> **DATASET CONTENT**

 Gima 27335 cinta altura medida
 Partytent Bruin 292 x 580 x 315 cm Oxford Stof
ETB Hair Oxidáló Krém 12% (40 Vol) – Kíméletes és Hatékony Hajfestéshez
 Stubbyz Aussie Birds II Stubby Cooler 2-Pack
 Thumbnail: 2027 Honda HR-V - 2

--

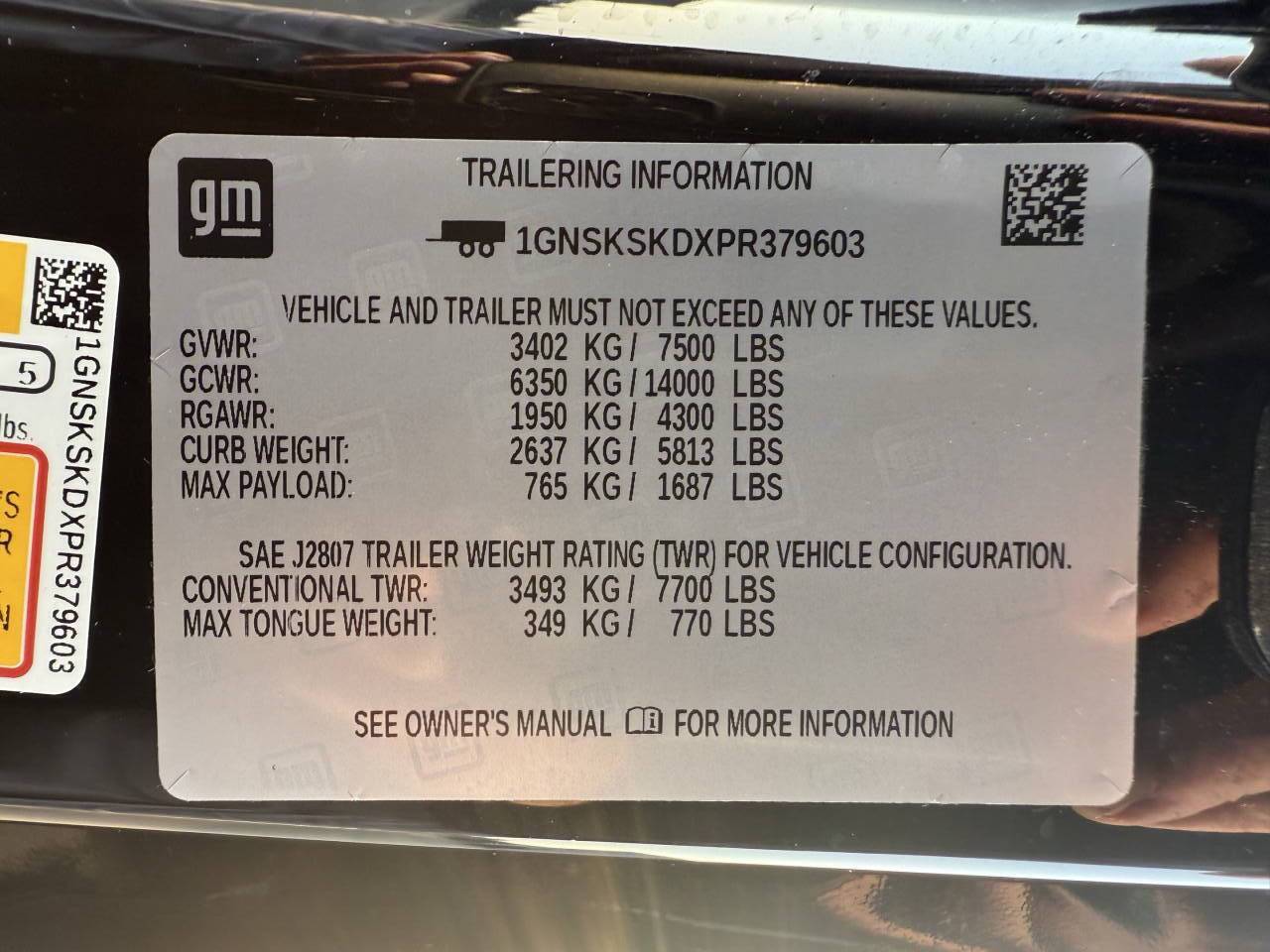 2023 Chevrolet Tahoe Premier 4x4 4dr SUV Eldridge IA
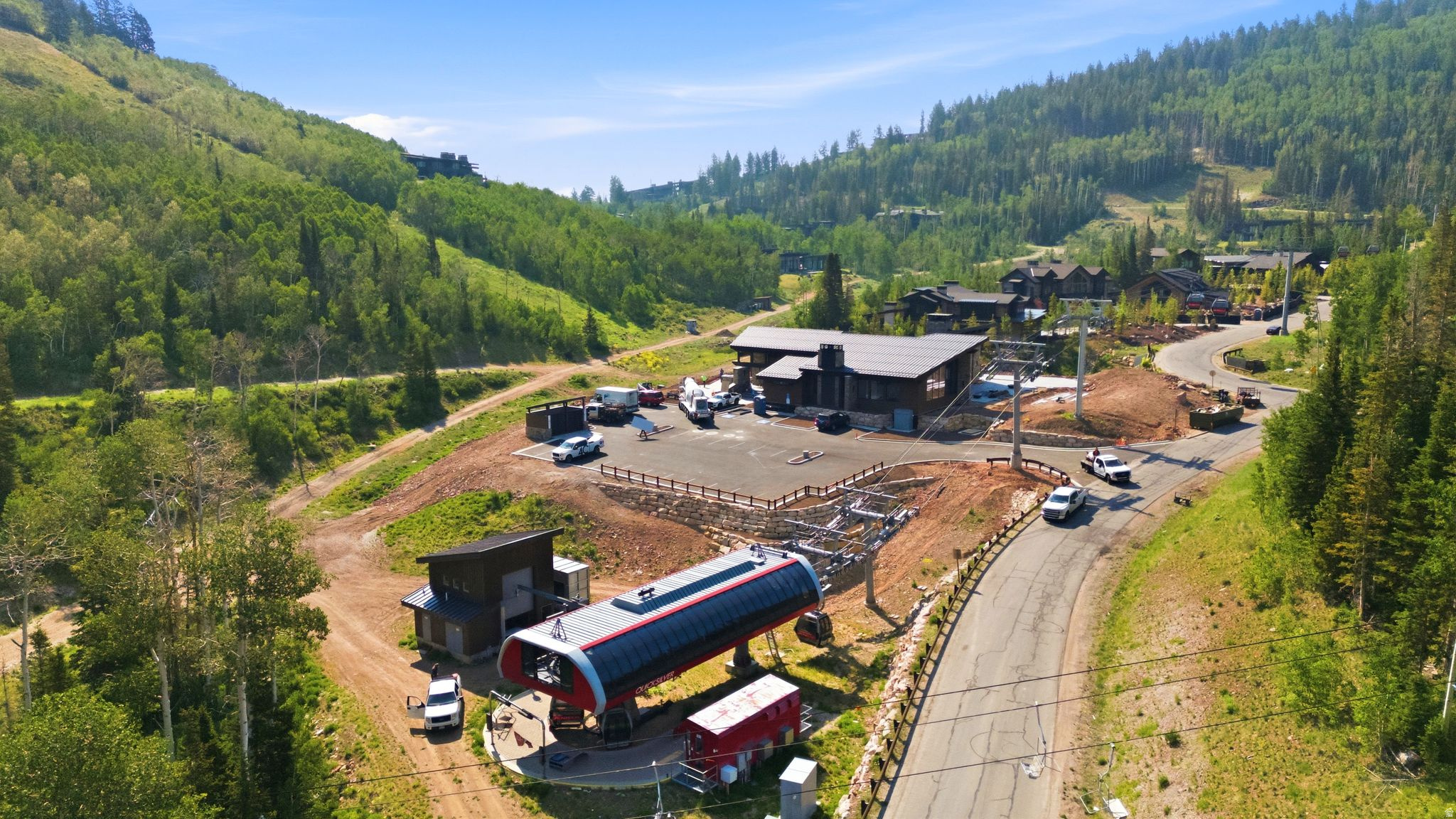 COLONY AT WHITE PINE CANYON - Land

> **WHAT TO PRODUCE**
Word for word, restate the lines of the listing above starting at the line with "Gima 27335 cinta altura medida" and ending at the line with "Thumbnail: 2027 Honda HR-V - 2", and nothing outside them.

> **EXERCISE SOLUTION**
 Gima 27335 cinta altura medida
 Partytent Bruin 292 x 580 x 315 cm Oxford Stof
ETB Hair Oxidáló Krém 12% (40 Vol) – Kíméletes és Hatékony Hajfestéshez
 Stubbyz Aussie Birds II Stubby Cooler 2-Pack
 Thumbnail: 2027 Honda HR-V - 2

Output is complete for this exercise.